Opposition Leader Joseph Atherley wants to know why no high ranking members of society is ever charged for smuggling weapons into Barbados.
Speaking in Parliament today on a resolution “to take note” of the Governor General’s Throne Speech, Atherley said the young men on the block who were being arrested did not have “the wherewithal to get guns into this country to the extent that seems to be the case”.
Instead, he suggested, it was the “big ups” who had the capacity to import the illegal guns, yet none was being made to pay.
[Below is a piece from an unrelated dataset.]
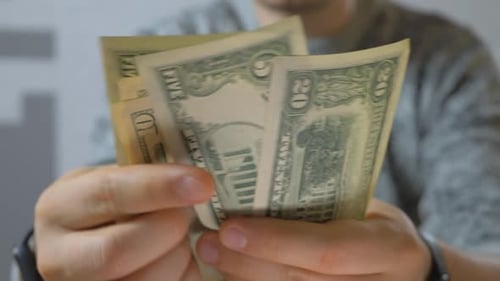 Man Holds Cash Bills in Hand Close Up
“I’ve not heard of any big-ups being brought before the courts from the world of business, and charged with having been part of the supply chain bringing these guns into Barbados; any public servants being charged with reference to that type of activity; any persons out of the political class or practising politicians before the courts in relation to any matter such as that; any priests or pastors being arrested by the police and hauled before the courts because they are found to be a part of the supply chain of illegal arms coming into Barbados,” he said.
“Why is it that we cannot get a handle on his matter of illegal arms coming into Barbados and being made so easily accessible and available to minds which are then criminally disposed to the use of such for whatever purpose?” he queried.
At a news conference yesterday to update the country on the crime situation for the first six months of the year, Commissioner of Police Tyrone Griffith said overall crime remained at a “manageable level”, while revealing that assaults and wounding accounted for 14.5 per cent of the 4,054 crimes committed during the period.
The commissioner said there was an approximately 36 per cent decrease in firearms enabled crime, from 184 last year to 118 this year.
Atherley today said the Royal Barbados Police Force (RBPF) had improved its crime detection ability over the years, but expressed disappointment that there was no crackdown on gun crimes.
He said following shootings involving members of working class communities, some of the young men would be jailed but “nobody goes on to say to us where the guns come from”.
The Opposition Leader described the situation as presenting “a serious danger to our democracy” and warned that soon the shooters would stop shooting each other and the guns and “will perhaps one day be trained at the police authority . . . at political personalities”.
For these reasons Atherley said “if we find that the police force locally here does not have the capacity to address the situation then I’m strongly suggesting we need to import the help, the capacity, from whatever recognized and capable international agency to address this matter”.
He said such a move would be a worthwhile investment, while stressing that “we need to get the help for the police which is necessary, and if it should come from outside . . . then that is in the interest of Barbados”.
The Opposition Leader said police from the rank of sergeant downwards should be paid “much more than they presently earn. The nature of their work has changed over time. It is now far more hazardous, dangerous”.
He spoke of the Police Commissioner lamenting that the Force was 100 members short of its optimum number, adding: “If we pay more we are likely to see an improvement in the recruitment prospects, not only of numbers but of quality persons presenting themselves to serve.”
Atherley explained that this pay raise should come after Barbados emerges from the current economic austerity period.
“Once we have come out on the other side of this deep, dark valley through which now tread, those for first consideration should be those who serve in the defence of this country in terms of law enforcement duties in a very hazardous world,” he said.